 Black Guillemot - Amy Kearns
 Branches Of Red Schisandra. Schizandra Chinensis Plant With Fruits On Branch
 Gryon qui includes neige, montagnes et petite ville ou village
---
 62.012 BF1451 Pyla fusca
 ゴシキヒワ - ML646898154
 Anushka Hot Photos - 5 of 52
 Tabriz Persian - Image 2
---
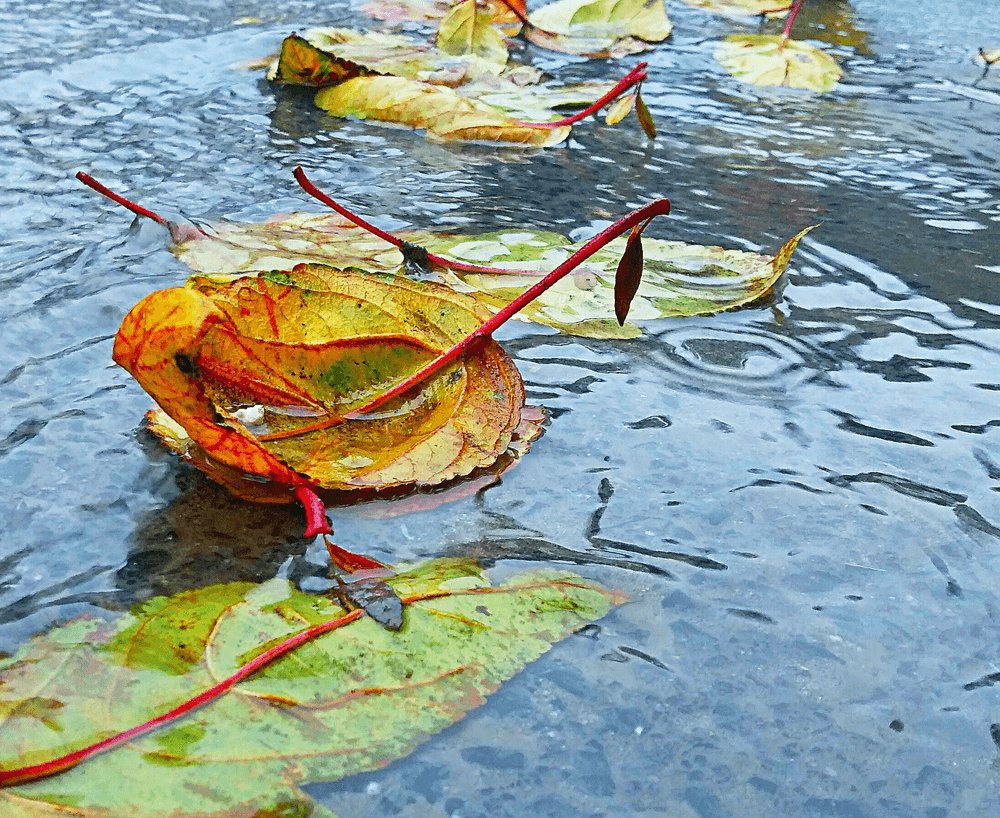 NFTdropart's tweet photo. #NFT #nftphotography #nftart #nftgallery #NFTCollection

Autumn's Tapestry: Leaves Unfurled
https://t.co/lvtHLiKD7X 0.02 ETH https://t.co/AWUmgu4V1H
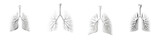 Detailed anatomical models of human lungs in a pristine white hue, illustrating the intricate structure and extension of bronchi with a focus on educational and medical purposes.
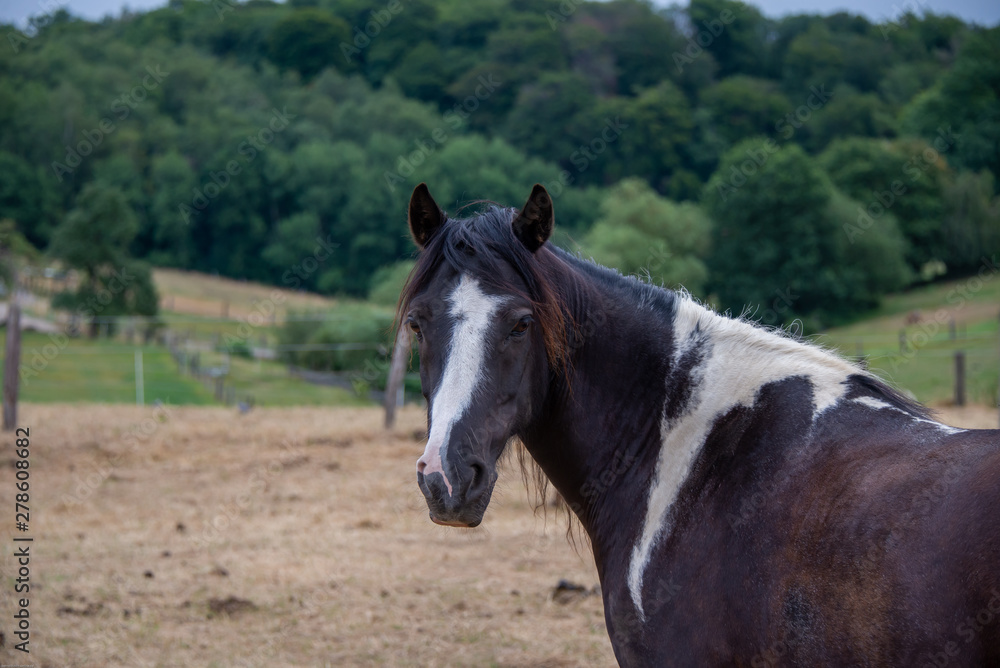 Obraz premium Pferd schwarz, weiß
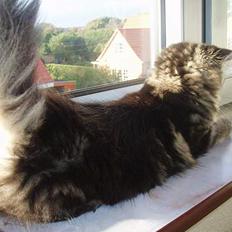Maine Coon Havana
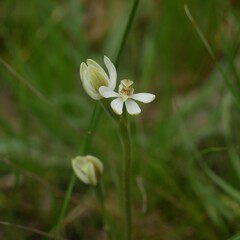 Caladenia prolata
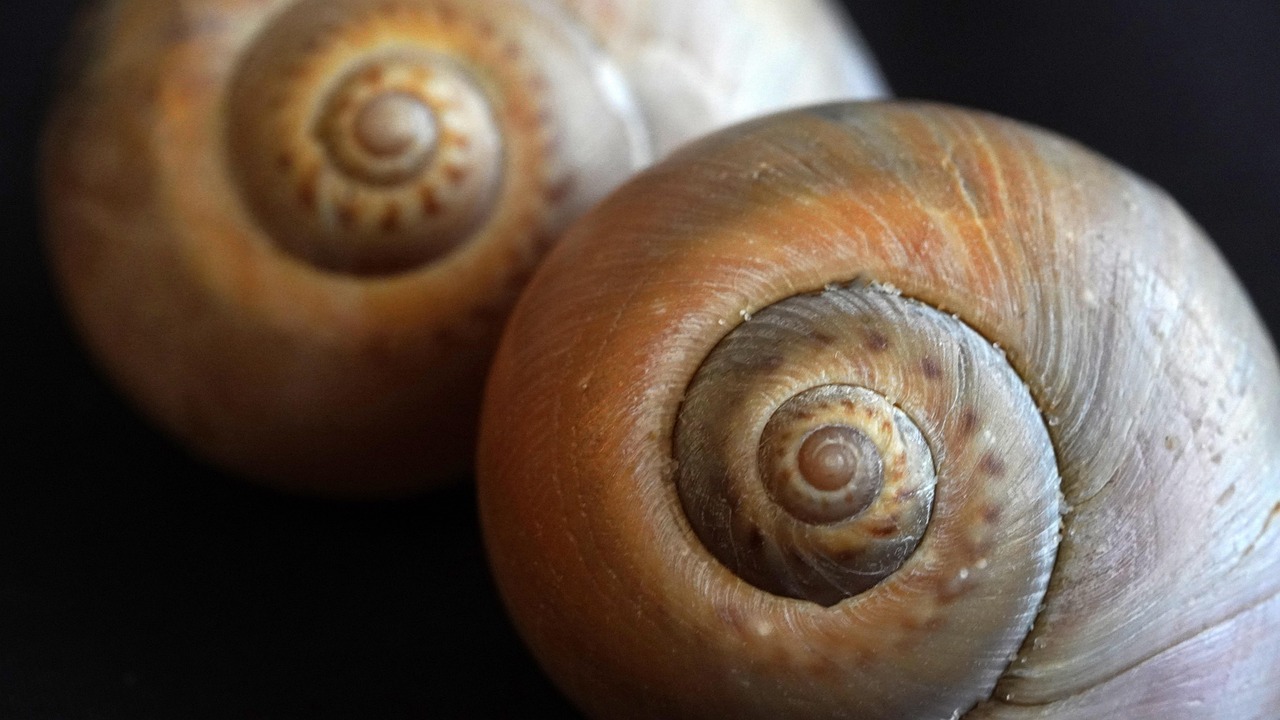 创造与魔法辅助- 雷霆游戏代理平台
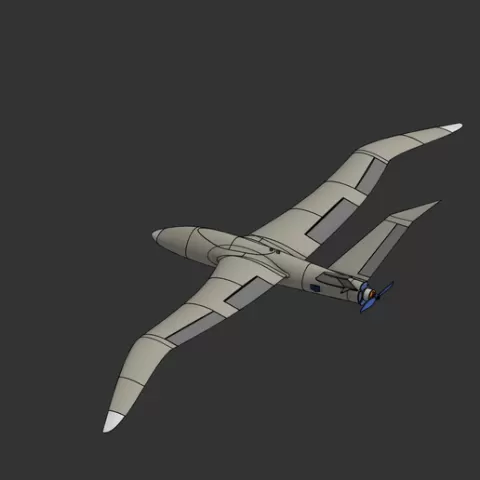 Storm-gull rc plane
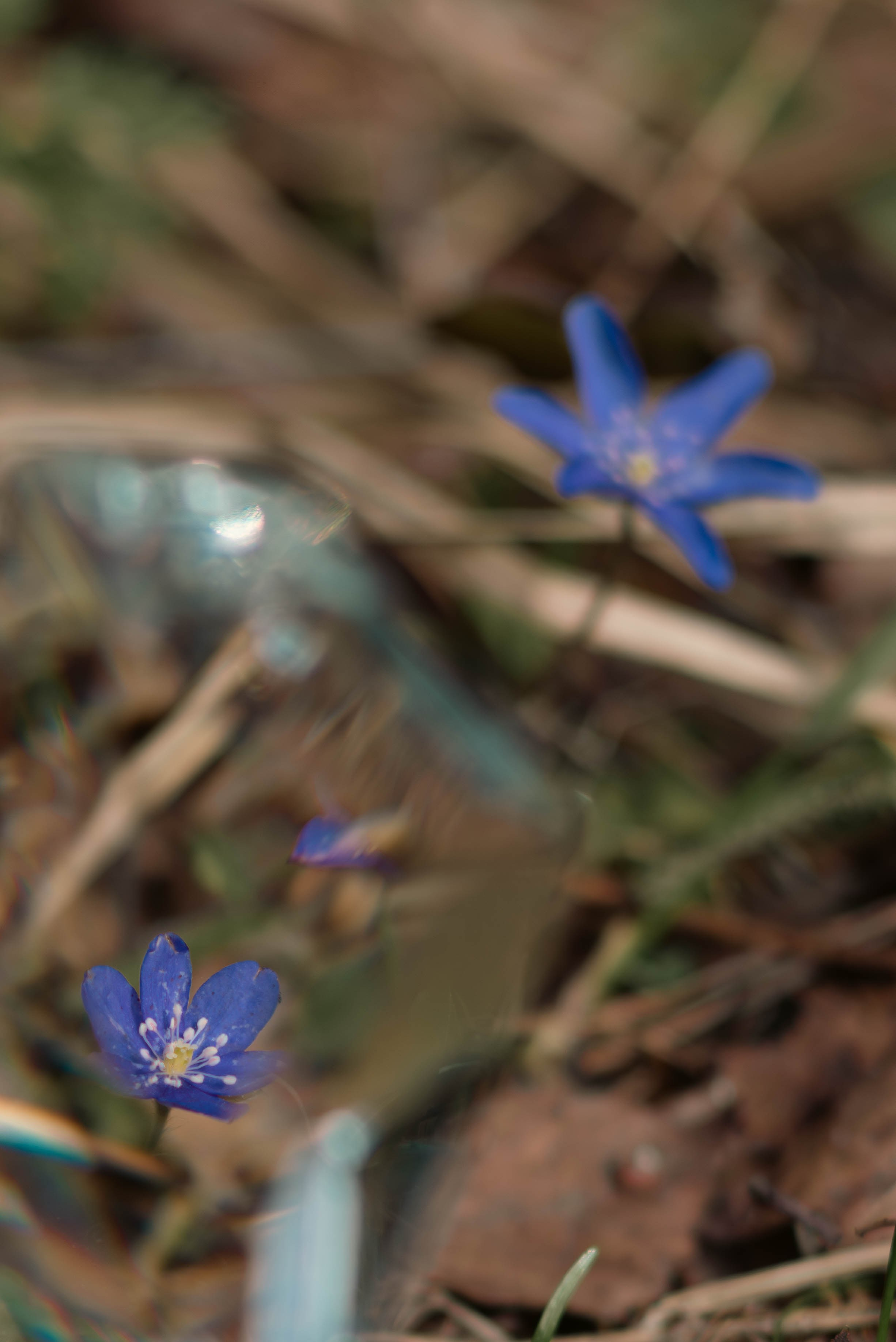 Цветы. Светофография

• _Exercise description_: Above is the material; set down exactly its lines from the one containing "Detailed anatomical models" down to the one containing "Цветы. Светофография", both included, leaving out any pictures.

• _Exercise result_:
 Detailed anatomical models of human lungs in a pristine white hue, illustrating the intricate structure and extension of bronchi with a focus on educational and medical purposes.
 Obraz premium Pferd schwarz, weiß
Maine Coon Havana
 Caladenia prolata
 创造与魔法辅助- 雷霆游戏代理平台
 Storm-gull rc plane
 Цветы. Светофография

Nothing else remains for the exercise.